Information Theory
What Is Information Theory?
Information theory is the mathematical study of the fundamental limits of communication, compression, and storage of information. Founded by Claude Shannon in his landmark 1948 paper "A Mathematical Theory of Communication," the field provides rigorous answers to questions that had previously been approached only intuitively: How much information does a source produce? How compactly can data be encoded? How fast can reliable communication occur over a noisy channel? These results underpin virtually every aspect of modern digital communications and data storage.
Entropy and Source Coding
Shannon defined entropy as the measure of uncertainty, or average information content, of a random source. A source that always produces the same symbol has zero entropy; a source that produces symbols uniformly at random has maximum entropy. Shannon entropy is measured in bits when the logarithm base is two, and it quantifies the minimum average number of bits required to encode each symbol from the source without loss.
Source coding, or data compression, is the practice of representing information using as few bits as possible. Shannon's source coding theorem proves that lossless compression cannot reduce a source below its entropy rate, establishing a fundamental bound. Practical algorithms such as Huffman coding and arithmetic coding approach this bound closely; modern lossless compressors such as DEFLATE and Zstandard build on these foundations to achieve compression within a few percent of the theoretical optimum.
Lossy compression sacrifices some fidelity for greater compression ratios, and rate-distortion theory, an extension of Shannon's work, characterizes the trade-off between the number of bits used and the resulting reconstruction quality. JPEG image compression and MP3 audio encoding are practical applications of rate-distortion principles.
Channel Capacity and Shannon Theory
A communication channel is characterized by the noise and interference it introduces between transmitter and receiver. Shannon's channel capacity theorem establishes the maximum rate, in bits per second, at which information can be transmitted through a noisy channel with arbitrarily small error probability. This rate, called the channel capacity, depends only on the statistical properties of the channel and not on the encoding scheme used.
The Shannon-Hartley theorem gives a closed-form expression for the capacity of an additive white Gaussian noise channel as a function of bandwidth and signal-to-noise ratio. Modern wireless standards such as 5G NR push spectral efficiency ever closer to Shannon's theoretical ceiling through techniques including MIMO antenna arrays, adaptive modulation, and sophisticated channel coding.
Maximum Likelihood Decoding and Error Correction
Practical channels introduce errors that must be corrected. Error-correcting codes add structured redundancy to transmitted data so that receivers can detect and correct errors. Maximum likelihood decoding selects the codeword most consistent with the received signal under the assumed channel model, minimizing the probability of decoding error.

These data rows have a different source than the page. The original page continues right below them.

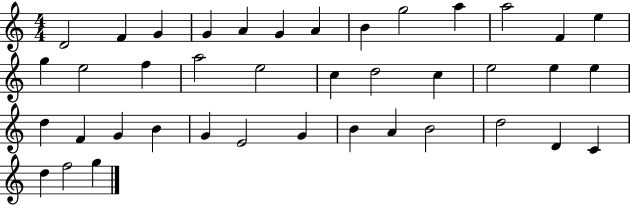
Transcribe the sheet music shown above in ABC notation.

X:1
T:Untitled
M:4/4
L:1/4
K:C
D2 F G G A G A B g2 a a2 F e g e2 f a2 e2 c d2 c e2 e e d F G B G E2 G B A B2 d2 D C d f2 g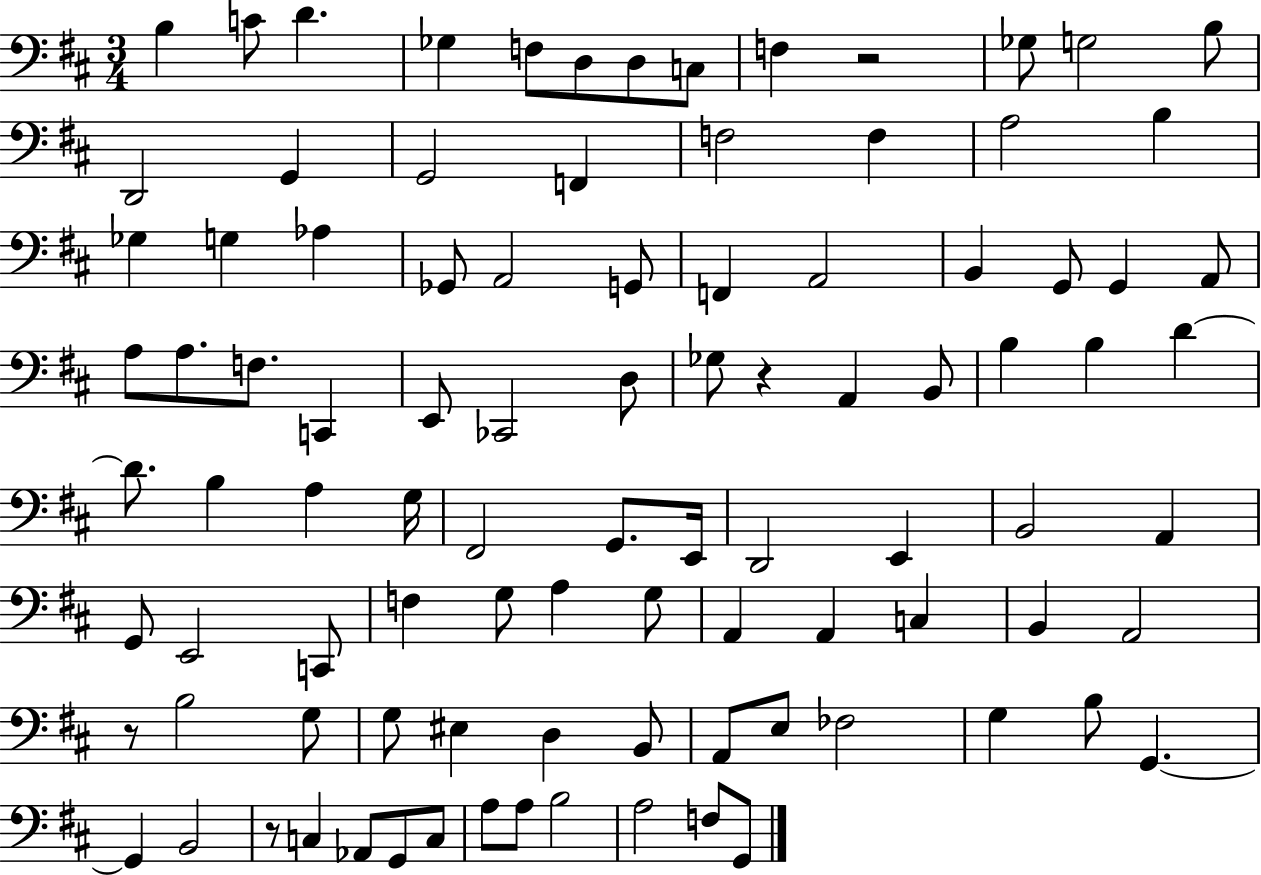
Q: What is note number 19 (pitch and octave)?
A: A3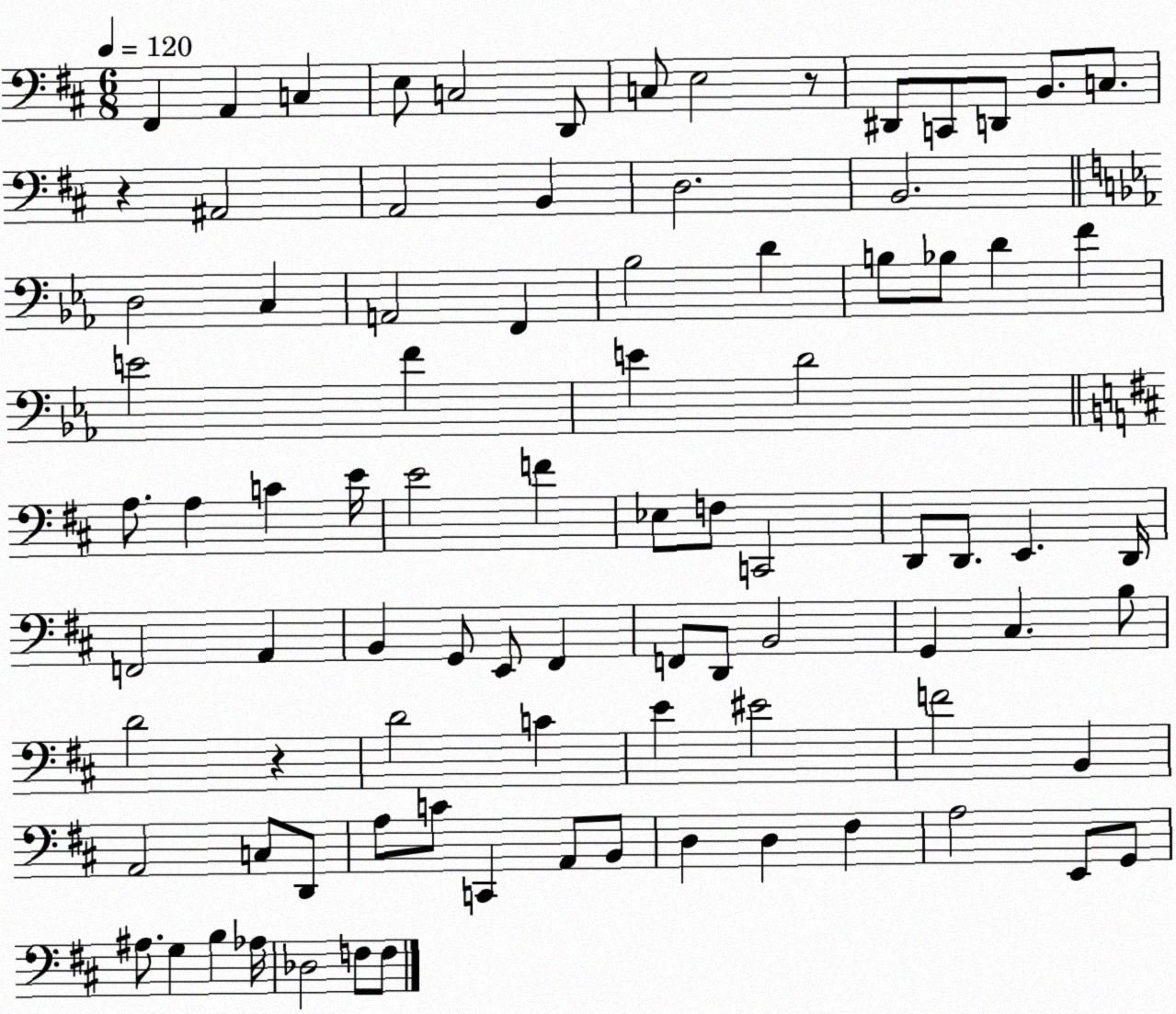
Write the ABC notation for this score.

X:1
T:Untitled
M:6/8
L:1/4
K:D
^F,, A,, C, E,/2 C,2 D,,/2 C,/2 E,2 z/2 ^D,,/2 C,,/2 D,,/2 B,,/2 C,/2 z ^A,,2 A,,2 B,, D,2 B,,2 D,2 C, A,,2 F,, _B,2 D B,/2 _B,/2 D F E2 F E D2 A,/2 A, C E/4 E2 F _E,/2 F,/2 C,,2 D,,/2 D,,/2 E,, D,,/4 F,,2 A,, B,, G,,/2 E,,/2 ^F,, F,,/2 D,,/2 B,,2 G,, ^C, B,/2 D2 z D2 C E ^E2 F2 B,, A,,2 C,/2 D,,/2 A,/2 C/2 C,, A,,/2 B,,/2 D, D, ^F, A,2 E,,/2 G,,/2 ^A,/2 G, B, _A,/4 _D,2 F,/2 F,/2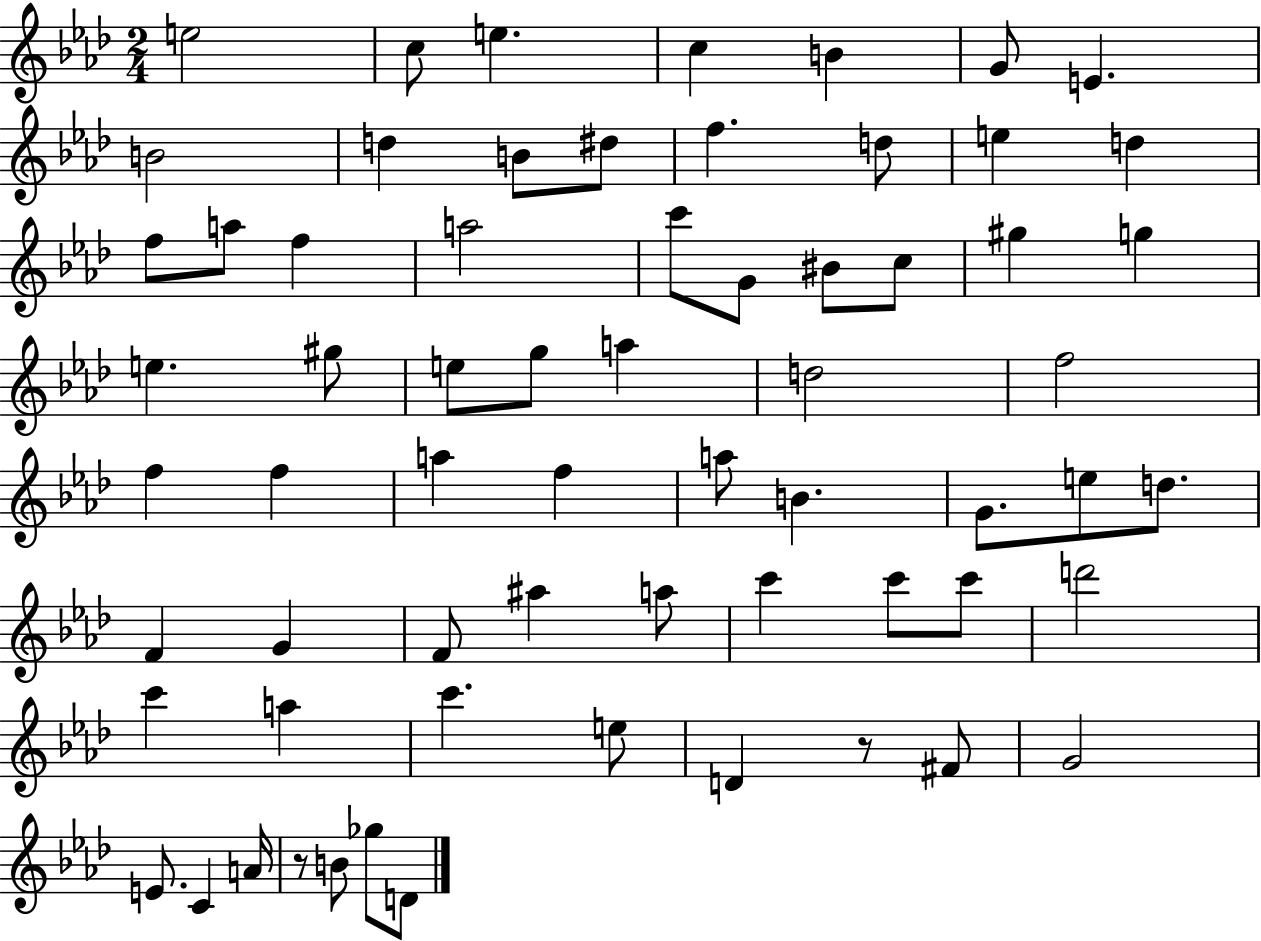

Modern error-correcting codes such as turbo codes, low-density parity-check (LDPC) codes, and polar codes achieve performance within a small fraction of a decibel of channel capacity, a remarkable practical realization of Shannon's theoretical limits that took decades of research to achieve. These codes are deployed in 4G/5G cellular networks, deep-space communication links, and solid-state storage devices.
Mutual Information and Applications
Mutual information quantifies the statistical dependence between two random variables, measuring how much knowing one reduces uncertainty about the other. It generalizes correlation to non-linear relationships and plays a central role in channel capacity calculations, feature selection in machine learning, and the analysis of neural information processing.
Applications
- Wireless communications: Channel coding and modulation schemes in 5G and Wi-Fi are designed to approach Shannon capacity over fading radio channels.
- Data compression: Lossless compressors for files, databases, and network protocols apply source coding theory to minimize storage and bandwidth use.
- Cryptography: Entropy measures quantify key strength and randomness quality in cryptographic systems and random number generators.
- Machine learning: Mutual information and cross-entropy loss functions derived from information theory guide model training and feature selection.
- Deep-space communications: NASA's deep-space network uses capacity-approaching LDPC codes to maintain reliable links with spacecraft billions of kilometers away.
- DNA data storage: Information theory provides the framework for encoding digital data in synthetic DNA sequences with error correction for molecular noise.